Records from a data source
□ □ □ □

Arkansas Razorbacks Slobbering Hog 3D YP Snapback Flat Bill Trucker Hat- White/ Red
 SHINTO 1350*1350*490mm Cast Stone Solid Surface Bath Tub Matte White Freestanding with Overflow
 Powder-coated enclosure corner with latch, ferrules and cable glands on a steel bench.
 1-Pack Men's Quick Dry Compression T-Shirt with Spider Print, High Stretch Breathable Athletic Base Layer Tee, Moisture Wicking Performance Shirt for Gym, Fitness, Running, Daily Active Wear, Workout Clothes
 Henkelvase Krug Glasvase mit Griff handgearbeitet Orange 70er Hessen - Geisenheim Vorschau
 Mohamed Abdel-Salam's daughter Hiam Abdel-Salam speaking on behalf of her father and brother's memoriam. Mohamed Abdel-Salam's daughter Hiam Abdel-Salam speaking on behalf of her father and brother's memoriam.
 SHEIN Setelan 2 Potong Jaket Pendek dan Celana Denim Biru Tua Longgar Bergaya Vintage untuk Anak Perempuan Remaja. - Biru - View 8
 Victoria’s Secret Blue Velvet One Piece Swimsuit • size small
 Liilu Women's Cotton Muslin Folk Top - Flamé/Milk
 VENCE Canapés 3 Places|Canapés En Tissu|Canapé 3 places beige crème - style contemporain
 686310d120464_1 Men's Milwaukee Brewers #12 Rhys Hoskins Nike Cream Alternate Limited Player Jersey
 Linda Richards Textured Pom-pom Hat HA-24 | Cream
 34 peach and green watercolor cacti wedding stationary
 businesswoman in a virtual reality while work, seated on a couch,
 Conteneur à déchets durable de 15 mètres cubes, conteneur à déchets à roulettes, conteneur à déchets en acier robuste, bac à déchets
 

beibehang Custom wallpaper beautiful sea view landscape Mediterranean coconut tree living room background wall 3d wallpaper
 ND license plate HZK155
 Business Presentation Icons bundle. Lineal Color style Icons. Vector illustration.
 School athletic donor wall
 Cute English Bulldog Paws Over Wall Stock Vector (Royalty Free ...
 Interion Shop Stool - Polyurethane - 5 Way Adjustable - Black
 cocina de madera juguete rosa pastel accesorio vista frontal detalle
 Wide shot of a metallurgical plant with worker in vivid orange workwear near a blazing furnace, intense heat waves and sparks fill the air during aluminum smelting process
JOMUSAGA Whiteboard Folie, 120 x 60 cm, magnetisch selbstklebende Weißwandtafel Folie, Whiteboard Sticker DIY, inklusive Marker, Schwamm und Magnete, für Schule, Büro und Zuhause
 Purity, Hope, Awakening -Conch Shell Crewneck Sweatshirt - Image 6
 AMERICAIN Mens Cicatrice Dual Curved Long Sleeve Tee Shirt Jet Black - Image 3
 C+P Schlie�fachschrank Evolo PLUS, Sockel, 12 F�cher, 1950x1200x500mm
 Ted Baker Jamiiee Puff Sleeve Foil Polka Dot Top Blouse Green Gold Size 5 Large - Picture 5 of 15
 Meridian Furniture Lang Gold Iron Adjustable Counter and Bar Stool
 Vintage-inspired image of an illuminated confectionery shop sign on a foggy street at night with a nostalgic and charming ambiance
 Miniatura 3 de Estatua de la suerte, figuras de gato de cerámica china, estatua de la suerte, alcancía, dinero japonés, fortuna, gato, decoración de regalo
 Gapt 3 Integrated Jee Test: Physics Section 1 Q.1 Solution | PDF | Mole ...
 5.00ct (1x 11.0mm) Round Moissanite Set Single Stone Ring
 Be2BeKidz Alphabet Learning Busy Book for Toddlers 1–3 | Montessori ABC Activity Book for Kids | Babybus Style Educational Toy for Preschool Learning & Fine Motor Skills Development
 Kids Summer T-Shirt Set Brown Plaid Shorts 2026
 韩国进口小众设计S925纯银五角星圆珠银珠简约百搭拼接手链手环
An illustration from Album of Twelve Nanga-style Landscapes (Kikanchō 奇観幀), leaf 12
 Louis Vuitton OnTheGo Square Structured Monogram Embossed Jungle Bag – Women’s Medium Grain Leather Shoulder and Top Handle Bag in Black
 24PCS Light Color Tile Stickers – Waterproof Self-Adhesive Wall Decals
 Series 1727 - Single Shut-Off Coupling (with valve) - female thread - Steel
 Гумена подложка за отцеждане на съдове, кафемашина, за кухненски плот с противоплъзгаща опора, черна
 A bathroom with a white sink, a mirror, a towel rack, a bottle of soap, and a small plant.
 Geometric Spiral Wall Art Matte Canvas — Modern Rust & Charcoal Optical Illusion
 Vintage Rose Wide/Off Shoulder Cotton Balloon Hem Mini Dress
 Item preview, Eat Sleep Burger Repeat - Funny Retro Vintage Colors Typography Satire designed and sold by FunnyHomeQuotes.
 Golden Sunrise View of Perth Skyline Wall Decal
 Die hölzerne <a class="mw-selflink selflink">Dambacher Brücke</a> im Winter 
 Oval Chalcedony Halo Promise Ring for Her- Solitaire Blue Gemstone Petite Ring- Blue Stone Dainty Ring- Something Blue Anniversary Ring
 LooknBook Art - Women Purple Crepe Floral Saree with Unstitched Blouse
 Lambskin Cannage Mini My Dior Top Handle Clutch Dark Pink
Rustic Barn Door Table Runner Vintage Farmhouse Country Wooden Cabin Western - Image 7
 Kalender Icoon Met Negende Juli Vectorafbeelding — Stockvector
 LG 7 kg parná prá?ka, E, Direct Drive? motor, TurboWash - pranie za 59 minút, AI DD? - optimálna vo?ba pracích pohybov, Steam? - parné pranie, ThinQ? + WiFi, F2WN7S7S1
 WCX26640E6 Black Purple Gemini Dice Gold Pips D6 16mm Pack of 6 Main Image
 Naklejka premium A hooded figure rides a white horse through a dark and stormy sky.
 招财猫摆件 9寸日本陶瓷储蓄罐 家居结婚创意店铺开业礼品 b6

□ □ □ □

> Exercise aim: The records above must be retyped in full, exactly.

> Completed exercise:
Arkansas Razorbacks Slobbering Hog 3D YP Snapback Flat Bill Trucker Hat- White/ Red
 SHINTO 1350*1350*490mm Cast Stone Solid Surface Bath Tub Matte White Freestanding with Overflow
 Powder-coated enclosure corner with latch, ferrules and cable glands on a steel bench.
 1-Pack Men's Quick Dry Compression T-Shirt with Spider Print, High Stretch Breathable Athletic Base Layer Tee, Moisture Wicking Performance Shirt for Gym, Fitness, Running, Daily Active Wear, Workout Clothes
 Henkelvase Krug Glasvase mit Griff handgearbeitet Orange 70er Hessen - Geisenheim Vorschau
 Mohamed Abdel-Salam's daughter Hiam Abdel-Salam speaking on behalf of her father and brother's memoriam. Mohamed Abdel-Salam's daughter Hiam Abdel-Salam speaking on behalf of her father and brother's memoriam.
 SHEIN Setelan 2 Potong Jaket Pendek dan Celana Denim Biru Tua Longgar Bergaya Vintage untuk Anak Perempuan Remaja. - Biru - View 8
 Victoria’s Secret Blue Velvet One Piece Swimsuit • size small
 Liilu Women's Cotton Muslin Folk Top - Flamé/Milk
 VENCE Canapés 3 Places|Canapés En Tissu|Canapé 3 places beige crème - style contemporain
 686310d120464_1 Men's Milwaukee Brewers #12 Rhys Hoskins Nike Cream Alternate Limited Player Jersey
 Linda Richards Textured Pom-pom Hat HA-24 | Cream
 34 peach and green watercolor cacti wedding stationary
 businesswoman in a virtual reality while work, seated on a couch,
 Conteneur à déchets durable de 15 mètres cubes, conteneur à déchets à roulettes, conteneur à déchets en acier robuste, bac à déchets
 

beibehang Custom wallpaper beautiful sea view landscape Mediterranean coconut tree living room background wall 3d wallpaper
 ND license plate HZK155
 Business Presentation Icons bundle. Lineal Color style Icons. Vector illustration.
 School athletic donor wall
 Cute English Bulldog Paws Over Wall Stock Vector (Royalty Free ...
 Interion Shop Stool - Polyurethane - 5 Way Adjustable - Black
 cocina de madera juguete rosa pastel accesorio vista frontal detalle
 Wide shot of a metallurgical plant with worker in vivid orange workwear near a blazing furnace, intense heat waves and sparks fill the air during aluminum smelting process
JOMUSAGA Whiteboard Folie, 120 x 60 cm, magnetisch selbstklebende Weißwandtafel Folie, Whiteboard Sticker DIY, inklusive Marker, Schwamm und Magnete, für Schule, Büro und Zuhause
 Purity, Hope, Awakening -Conch Shell Crewneck Sweatshirt - Image 6
 AMERICAIN Mens Cicatrice Dual Curved Long Sleeve Tee Shirt Jet Black - Image 3
 C+P Schlie�fachschrank Evolo PLUS, Sockel, 12 F�cher, 1950x1200x500mm
 Ted Baker Jamiiee Puff Sleeve Foil Polka Dot Top Blouse Green Gold Size 5 Large - Picture 5 of 15
 Meridian Furniture Lang Gold Iron Adjustable Counter and Bar Stool
 Vintage-inspired image of an illuminated confectionery shop sign on a foggy street at night with a nostalgic and charming ambiance
 Miniatura 3 de Estatua de la suerte, figuras de gato de cerámica china, estatua de la suerte, alcancía, dinero japonés, fortuna, gato, decoración de regalo
 Gapt 3 Integrated Jee Test: Physics Section 1 Q.1 Solution | PDF | Mole ...
 5.00ct (1x 11.0mm) Round Moissanite Set Single Stone Ring
 Be2BeKidz Alphabet Learning Busy Book for Toddlers 1–3 | Montessori ABC Activity Book for Kids | Babybus Style Educational Toy for Preschool Learning & Fine Motor Skills Development
 Kids Summer T-Shirt Set Brown Plaid Shorts 2026
 韩国进口小众设计S925纯银五角星圆珠银珠简约百搭拼接手链手环
An illustration from Album of Twelve Nanga-style Landscapes (Kikanchō 奇観幀), leaf 12
 Louis Vuitton OnTheGo Square Structured Monogram Embossed Jungle Bag – Women’s Medium Grain Leather Shoulder and Top Handle Bag in Black
 24PCS Light Color Tile Stickers – Waterproof Self-Adhesive Wall Decals
 Series 1727 - Single Shut-Off Coupling (with valve) - female thread - Steel
 Гумена подложка за отцеждане на съдове, кафемашина, за кухненски плот с противоплъзгаща опора, черна
 A bathroom with a white sink, a mirror, a towel rack, a bottle of soap, and a small plant.
 Geometric Spiral Wall Art Matte Canvas — Modern Rust & Charcoal Optical Illusion
 Vintage Rose Wide/Off Shoulder Cotton Balloon Hem Mini Dress
 Item preview, Eat Sleep Burger Repeat - Funny Retro Vintage Colors Typography Satire designed and sold by FunnyHomeQuotes.
 Golden Sunrise View of Perth Skyline Wall Decal
 Die hölzerne <a class="mw-selflink selflink">Dambacher Brücke</a> im Winter 
 Oval Chalcedony Halo Promise Ring for Her- Solitaire Blue Gemstone Petite Ring- Blue Stone Dainty Ring- Something Blue Anniversary Ring
 LooknBook Art - Women Purple Crepe Floral Saree with Unstitched Blouse
 Lambskin Cannage Mini My Dior Top Handle Clutch Dark Pink
Rustic Barn Door Table Runner Vintage Farmhouse Country Wooden Cabin Western - Image 7
 Kalender Icoon Met Negende Juli Vectorafbeelding — Stockvector
 LG 7 kg parná prá?ka, E, Direct Drive? motor, TurboWash - pranie za 59 minút, AI DD? - optimálna vo?ba pracích pohybov, Steam? - parné pranie, ThinQ? + WiFi, F2WN7S7S1
 WCX26640E6 Black Purple Gemini Dice Gold Pips D6 16mm Pack of 6 Main Image
 Naklejka premium A hooded figure rides a white horse through a dark and stormy sky.
 招财猫摆件 9寸日本陶瓷储蓄罐 家居结婚创意店铺开业礼品 b6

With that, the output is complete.